¿Vicente Guerrero?
El pasado 14 de febrero, en medio de una crisis de seguridad con terribles repercusiones para la economía del país, Claudia Sheinbaum publicó un decreto por medio del cual declaraba que esta fecha sería conmemorada como el Día del General Vicente Guerrero: caudillo de la segunda insurgencia fallida y subordinado del libertador Agustín de Iturbide, quien, tras la proclamación del Plan de Iguala —luego de hacerse la Independencia—, le honró nombrándole Mariscal del Imperio Mexicano, a lo que Guerrero, al poco tiempo, le correspondió con una traición personal.

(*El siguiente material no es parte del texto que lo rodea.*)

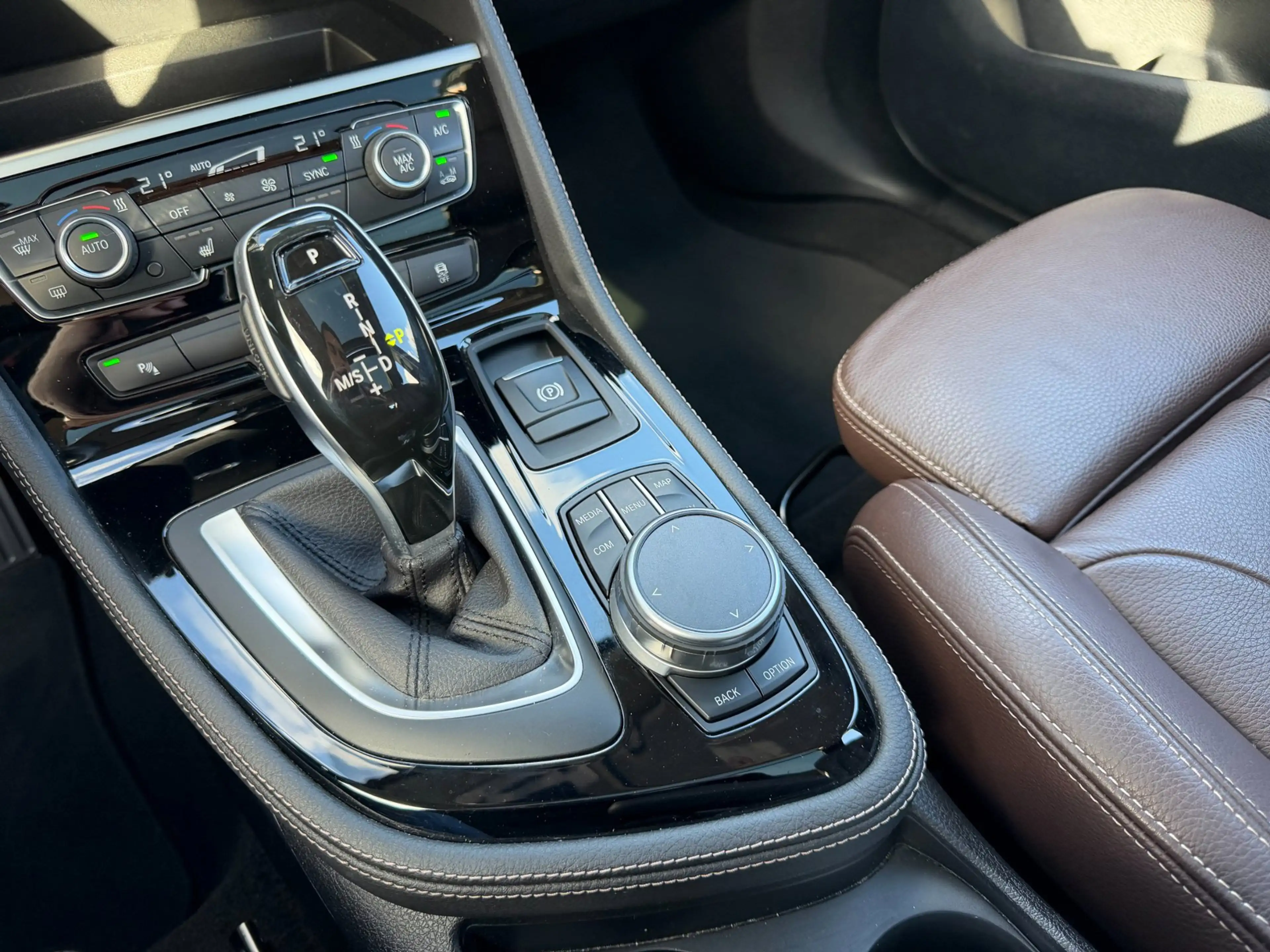 BMW 220 2-serie Active Tourer 220i High Executive — photo 24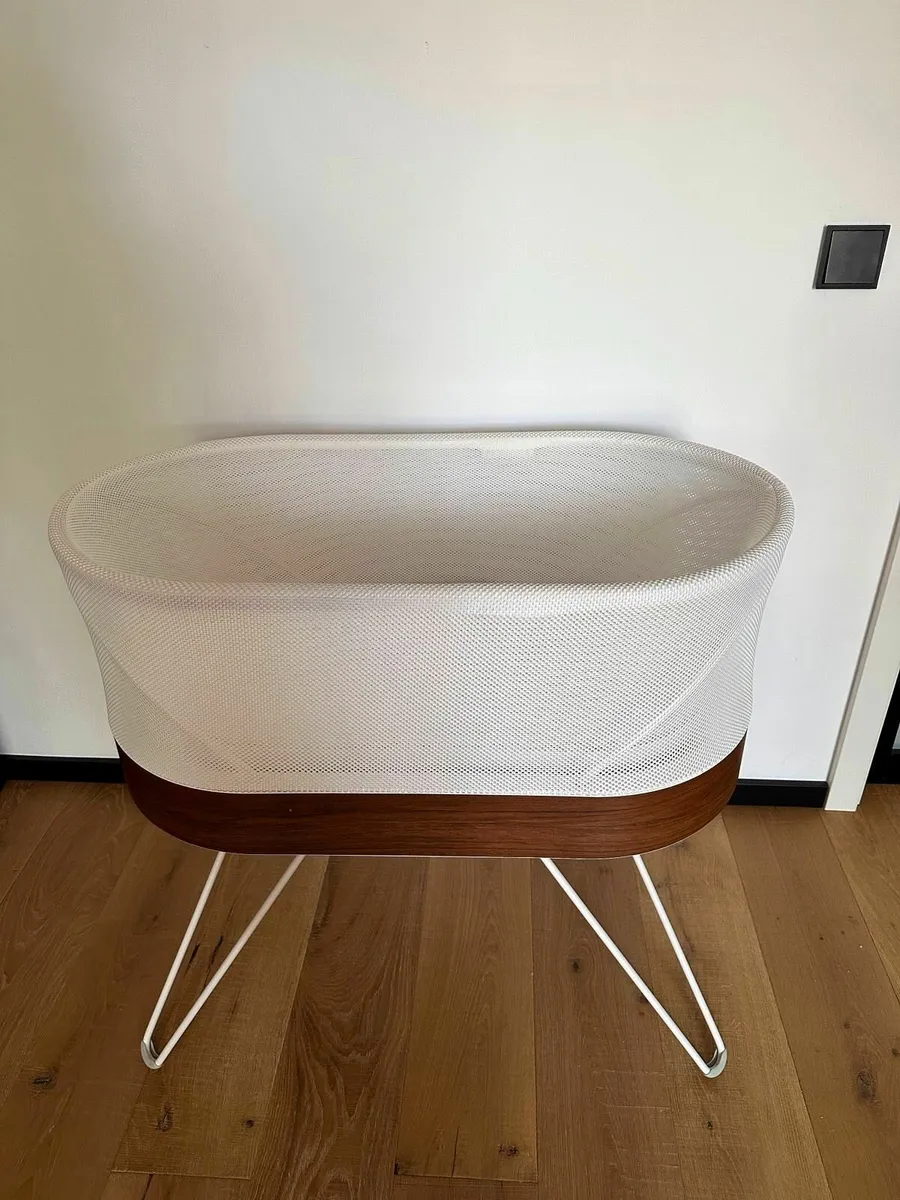 Mint SNOO Smart Sleeper Bed Warranty with Extras - Image 1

Lo curioso es que esta celebración que se presenta como “nueva” ya estaba contemplada en el calendario oficial de la SEP, en esta misma fecha, desde que Luis Echeverría trató de imponer a Guerrero como “el consumador de la Independencia” en 1971.
No siendo precisamente un hombre de principios ni de luces —pese a la leyenda tierna que le inventara el mitómano Carlos María de Bustamante para halagarlo en vida a él y a otros personajes—, Guerrero siempre buscó una figura tutelar sobre la cual apoyarse. Lo hizo primero con el coronel español Carlos Moya, a través de quien trató de indultarse ante el virrey en 1820; luego con Iturbide a finales de 1820, cuando supo por Moya que la Constitución de Cádiz y sus leyes racistas le discriminaban por su color de piel, y finalmente lo hizo bajo la órbita de Lorenzo de Zavala y la masonería. Este último terminaría por presentarle nada menos que al enemigo mortal de Iturbide, que fuera espía y primer embajador de los Estados Unidos en nuestro país: Joel Roberts Poinsett.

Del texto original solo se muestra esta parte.